5. This will split your image into three, you will use the one that is marked as the "green" picture, cancel the others
6. Activate the oval tool
7. draw the best oval you can around the drop and then press the control button+ the "m" key
8. Move the oval over to the background (the black around the picture) and press the control button and the m key again
9. repeat steps for all pictures
10. Save your data in an excel format by clicking "file" and then clicking "save as" then save the file with the name you want

Research and Development

Baye's Rule
Baye's Rule allows one to use all data available, not only to analyze it but to also understand the limitations of tests such as cancer diagnostics.

Baye's Rule equation: p(A/B)= (p(B/A)p(A))/p(B)

Specific Cancer Marker Detection - The Underlying Technology

The r17879961 cancer-associated sequence (AAACTCTTACACTGCATACA) will produce a DNA signal because of its nucleotide variation (ACATTGC to ACACTGC). This T-C change results in an isoleucene to threonine substitution. In a study in Finland, patients with colorectal cancer (CRC), the most common cancer associated with the DNA sequence change, had the allele 7.8% of the time while patients without CRC had the allele in 5.3% of patients, showing a significantly higher association in CRC patients.[1] PCR detection will only give a signal if this allele is present.

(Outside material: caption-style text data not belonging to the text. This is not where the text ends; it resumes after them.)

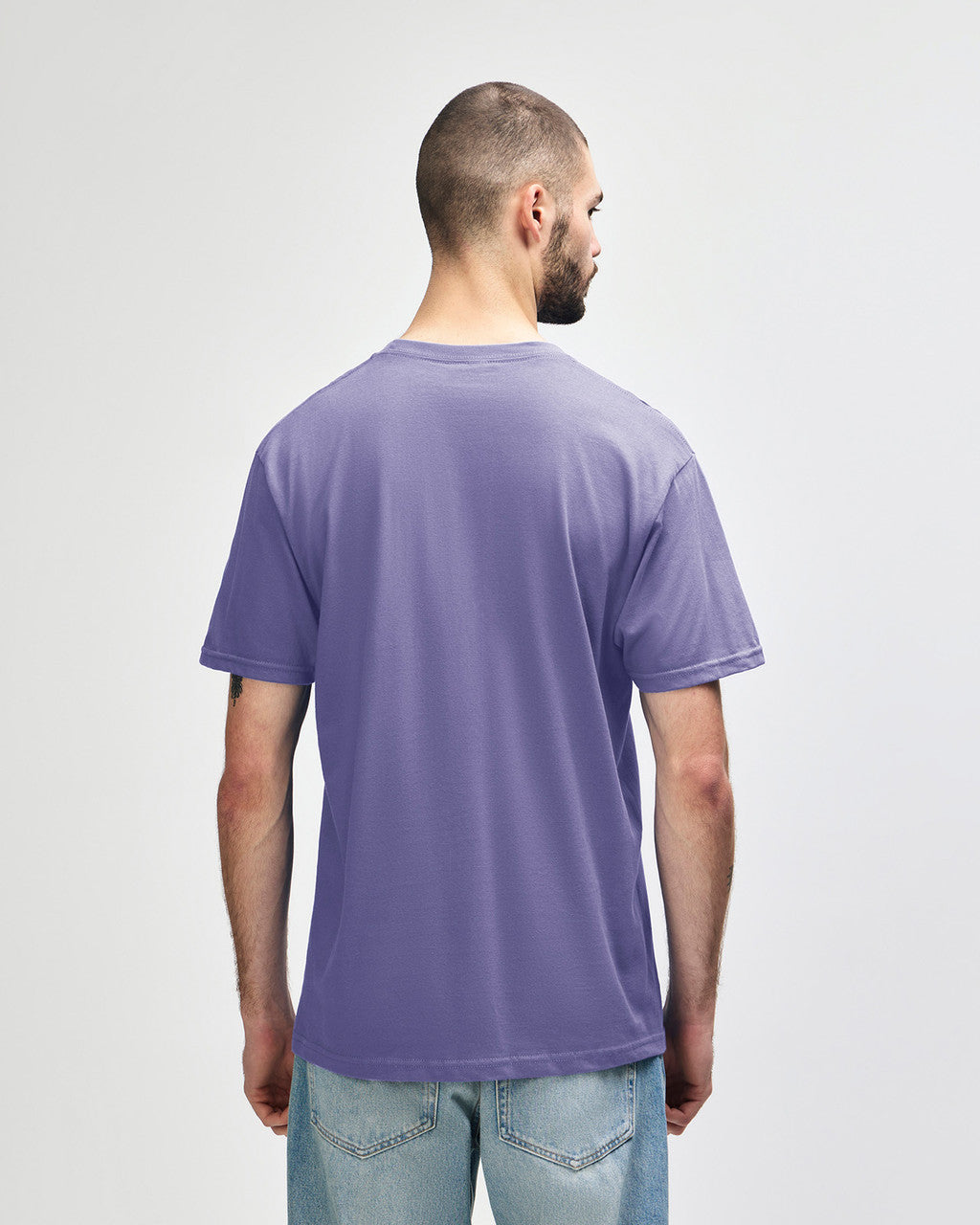 Gildan Softstyle Adult Midweight T-Shirt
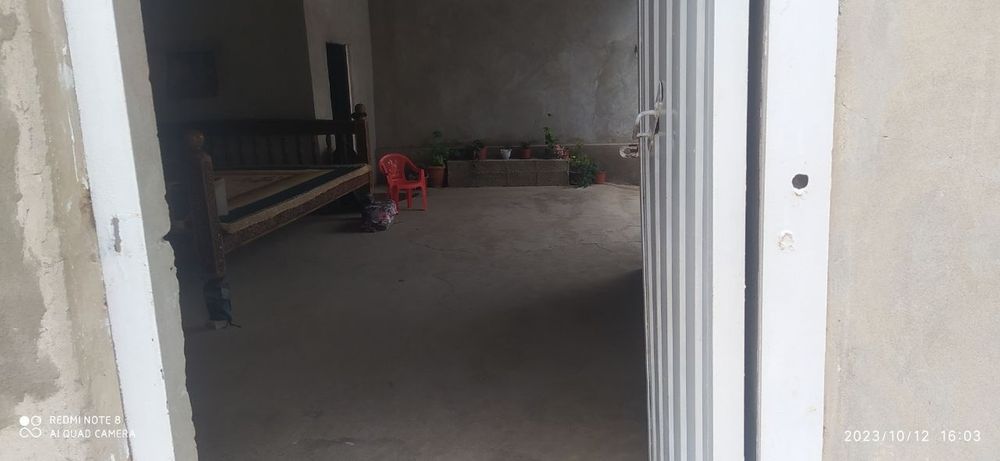 Дом продаётся кибрай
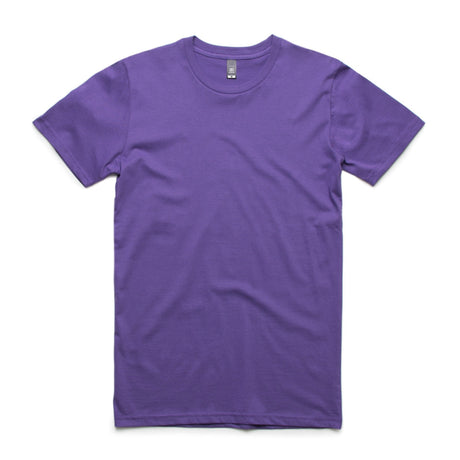 AS Colour 5001 Mens Staple Tee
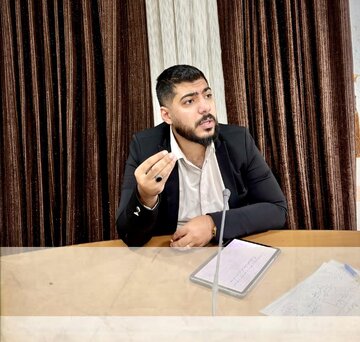 خشونت ممنوع، خشونت علیه کادر بهداشت و درمان ممنوع‌تر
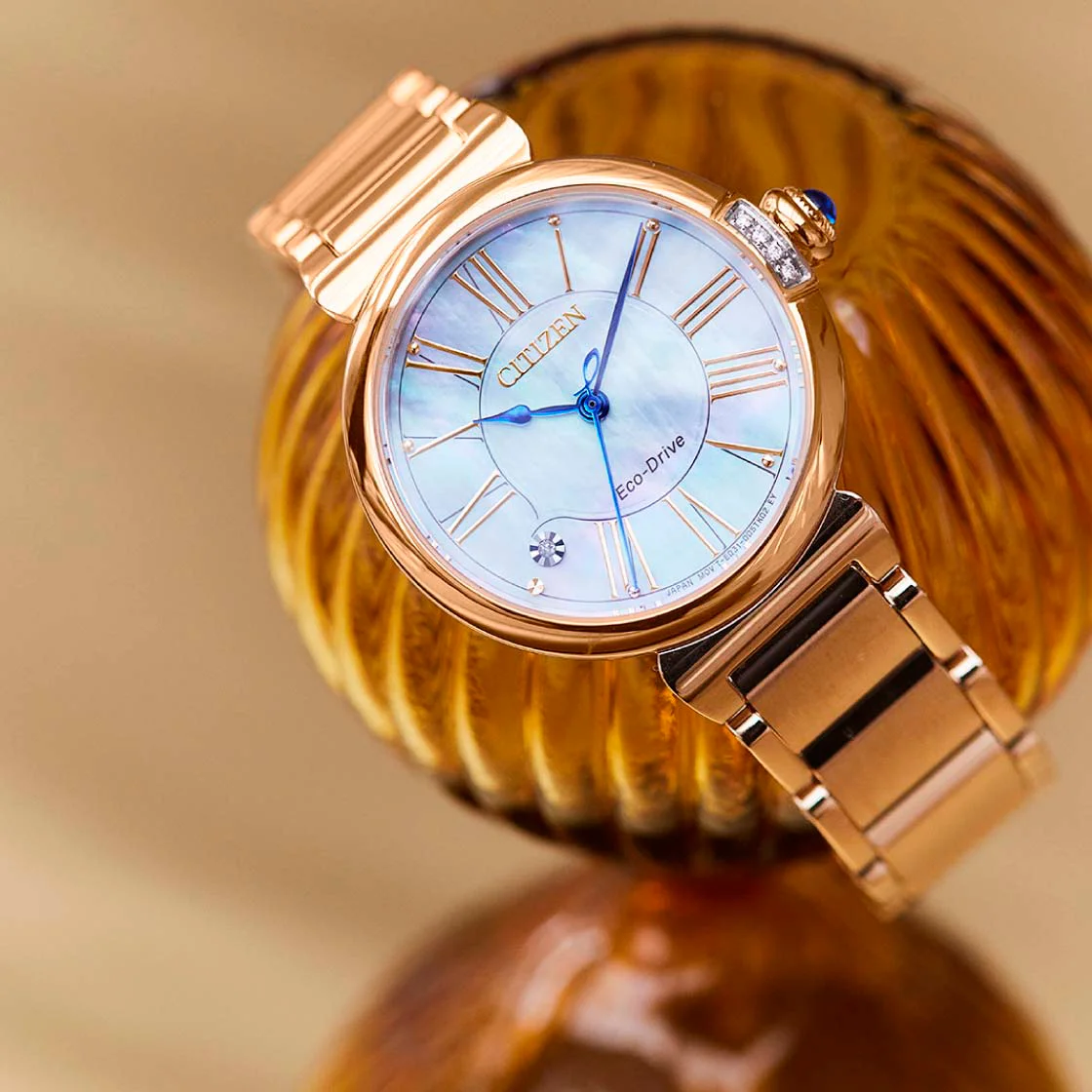 citizen EM1063-89D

Sample Integrated Density DNA μg/mL Conclusion
PCR: Negative Control 13908255 1.019586396 negative
PCR: Positive Control 27282151 2 positive
PCR: Patient 1 ID 43417, rep 1 35526894 2.604405642 positive
PCR: Patient 1 ID 43417, rep 2 19073943 1.398272666 positive
PCR: Patient 1 ID 43417, rep 3 29391013 2.154596461 positive
PCR: Patient 2 ID 11260 , rep 1 1903450 0.139538118 negative
PCR: Patient 2 ID 11260, rep 2 5214727 0.382281221 negative
PCR: Patient 2 ID 11260, rep 3 5099077 0.373803151 negative


  • Sample = Describes sample number and patient
  • Integrated Density = The Integrated Density of the Drop minus that of the background
  • DNA μg/mL = 2 * IntDen of Sample/IntDen of Calf Thymus
  • Conclusion = Whether exponential DNA replication has occured


"GoTaq® Colorless Master Mix (M714) Product Information." GoTaq® Colorless Master Mix Protocol. Promega, 2012. Web. 15 Nov. 2012. <>.

Hunt, Margaret. "Real Time PCR Tutorial." Real Time PCR Tutorial. University of South Carolina, 10 July 2010. Web. 15 Nov. 2012. <>.